In the coaches' poll, Texas remained at No. 2.
"I've always said that the coaches know more about it than the writers," UT coach Mack Brown said, drawing laughter. "Please note that was an attempt at humor."
What does OU-Texas offer that other games on the schedule don't?
"It really benefits us because it gives us national credibility when we win the game," Texas coach Mack Brown said. "That's the best thing it does. You need to beat somebody who's really good, and they're really good. The one who wins this game usually is pushed forward into the national scene after this."
Name that player
Because defensive players study only film of the opposing offense, they don't frequently discuss defensive personnel from the other team.
Not only did Texas defensive tackle Lamarr Houston make a point of discussing the OU defense, he mentioned several players by name, including Gerald McCoy, Auston English, Jeremy Beal, Ryan Reynolds and Travis Lewis.
"They're just really good," Houston said. "You watch TV. You know their names."
Time to reload
Oklahoma has had several missing ingredients so far this season due to injuries, among them being prominent contributors in quarterback Sam Bradford, tight end Jermaine Gresham and wide receiver Ryan Broyles.
The Sooners also have lost two games by one point.
So how does Texas prepare?

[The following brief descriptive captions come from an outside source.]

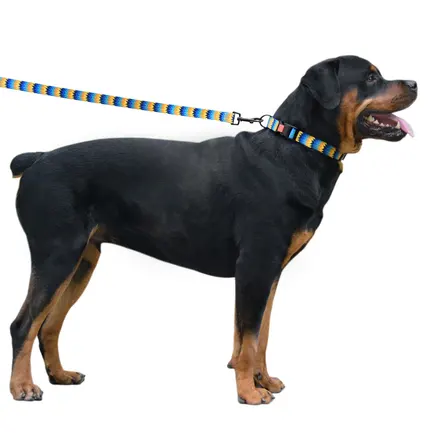 Нашийник для Собак BronzeDog Urban Зигзаг Нейлоновий з Пластиковою Пряжкою Жовто-Синій L: додаткове фото 5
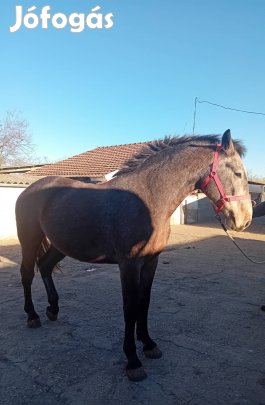 Eladó félvér csikó!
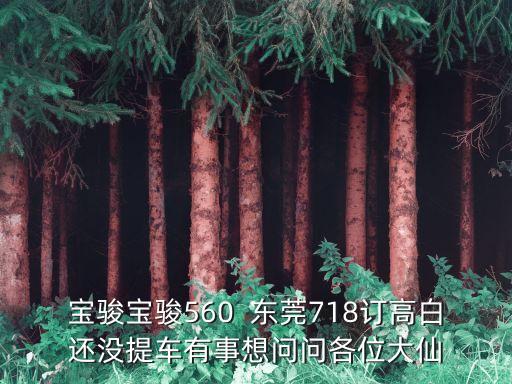 寶駿寶駿560  東莞718訂高白還沒提車有事想問問各位大仙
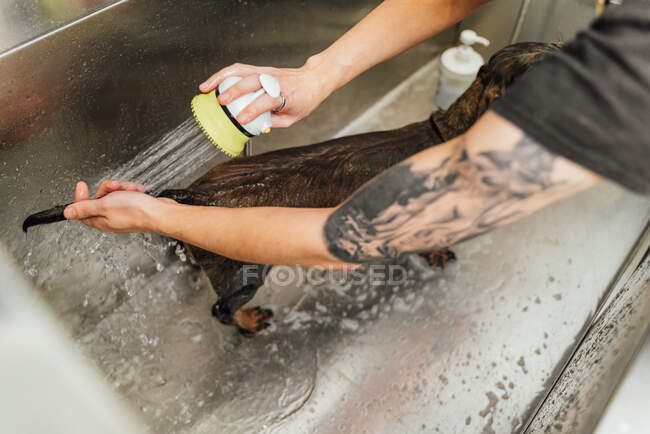 Vue ci-dessus de la récolte anonyme salon de coiffure de chien laver la fourrure de teckel poilu dans l'évier dans la clinique vétérinaire — Photo de stock
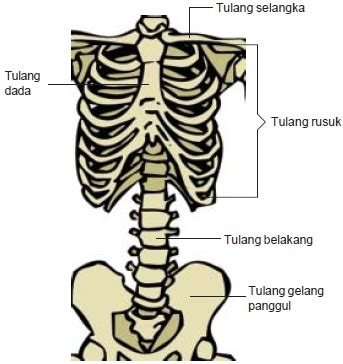 Bagian-Bagian Rangka Tubuh Manusia dan Fungsinya ( Rangka Kepala, Badan ...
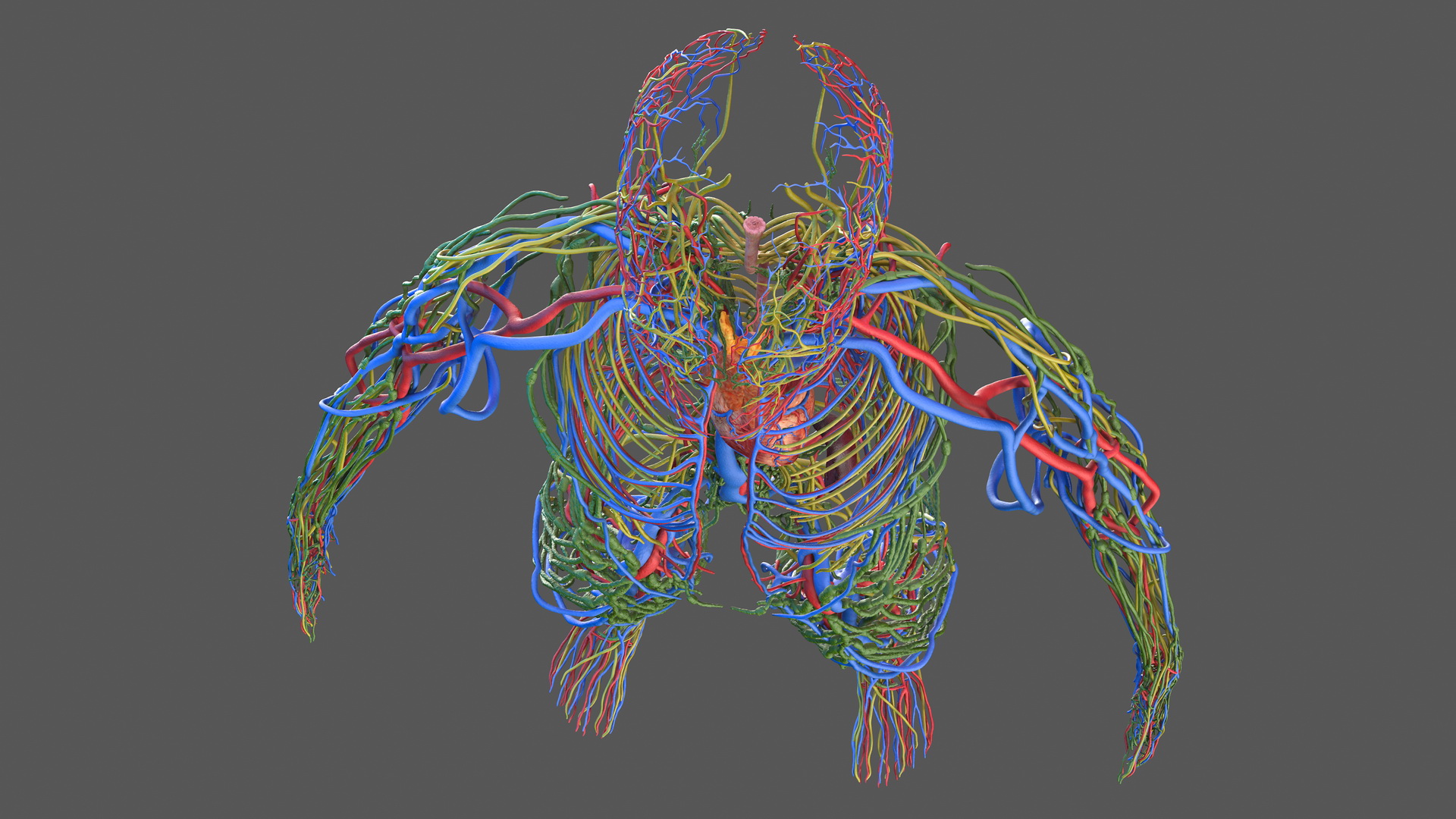 Male Cardiovascular Lymphaticand and Nervous Systems 3D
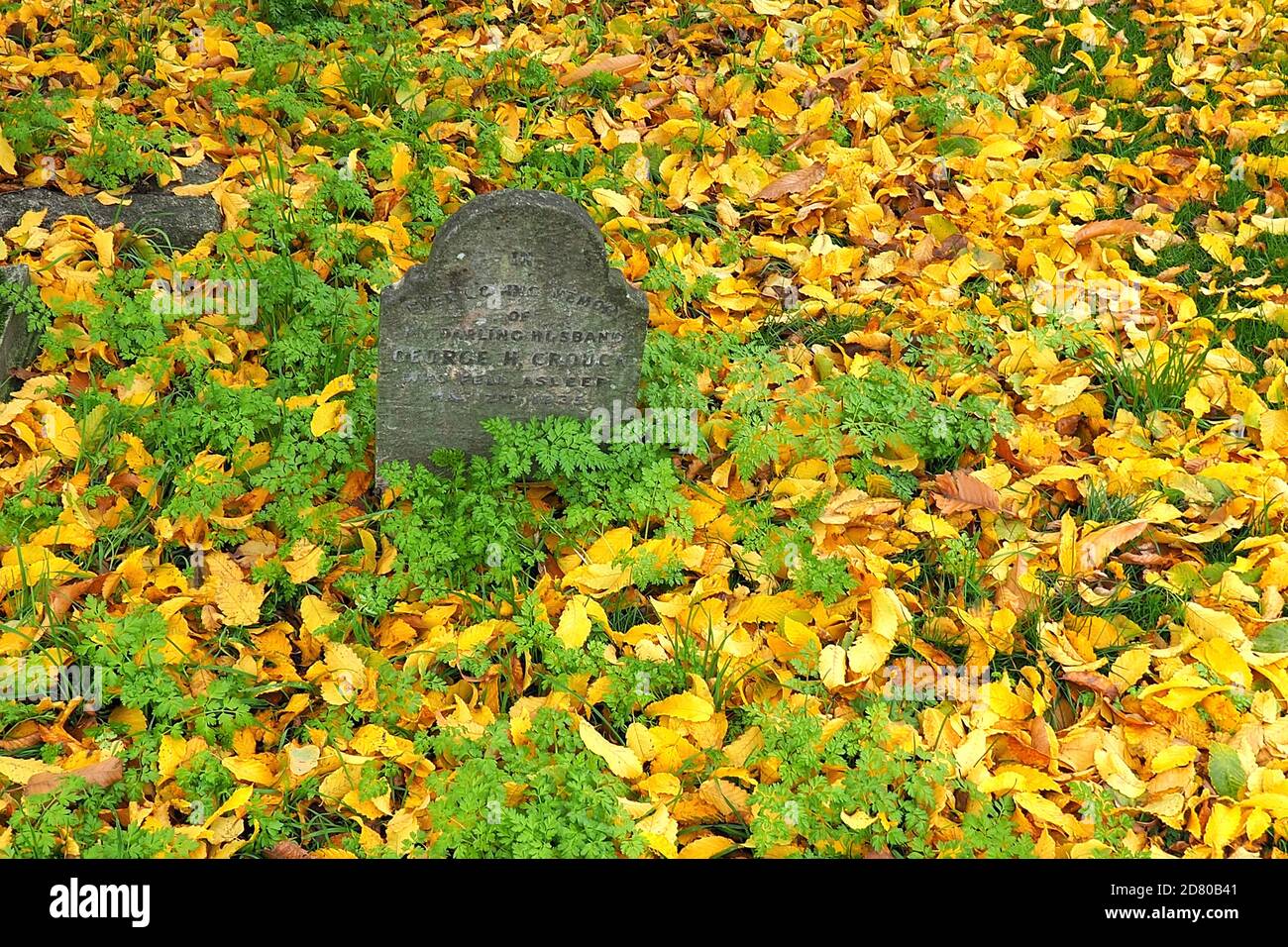 London, UK. 26th Oct, 2020. London's Autumn colours displayed in West Brompton cemetery, Chelsea. Credit: Brian Minkoff/Alamy Live News Stock Photo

Do the Longhorns expect OU to be at full strength (other than Gresham), or do they try to exploit the Sooners in areas where previous opponents have had success?
"We expect the best from them," Brown said. "I got to see a little bit of the first half (against Baylor last Saturday) before walking out to our (Colorado) pre-game and what I thought was, 'They're like us.' Every time a guy steps out, there's another really good player that comes in. They don't talk a lot about injuries and we don't, because we both have had a bunch of them over time.
"What you've got at these two schools (are) guys to step up and take their place and move forward. They might not be as experienced, but they're really good. I heard No. 24 (backup wide receiver Dejuan Miller) was a track champion in New Jersey and he's the guy who replaces someone when they take him out. He's a national sprinter and I thought, 'Boy, that's too bad.' They can all run. They've got good players. We've got good players. You don't talk about who you don't have. You talk about who you've got."
In many ways, the week before OU-Texas can be more challenging for coaches than the week of the game.
"There is a tremendous amount of pressure put on these kids every day about this game, and the coaches," Brown said. "That's the way this game is. It's about conversation, and then you have to go play good on Saturday.
"Last week (preparing for Colorado), we had to stir things up, and I mean that. Nobody last week was talking about Colorado. The kids can tell the difference. When you pull up for the Texas-OU game, people are shaking your bus. Before CU they're sitting around talking, wondering what time it is [yawning] and trying to get to the game on time. And you wonder, 'Why don't those kids play as hard? I'm just amazed at the way they don't play as hard.' I remember last year's post-Colorado talk was exactly the same as this one.
"These kids understand it. They get it. We will not have to say much this week. Last week, we had to. They can see film. Film doesn't lie."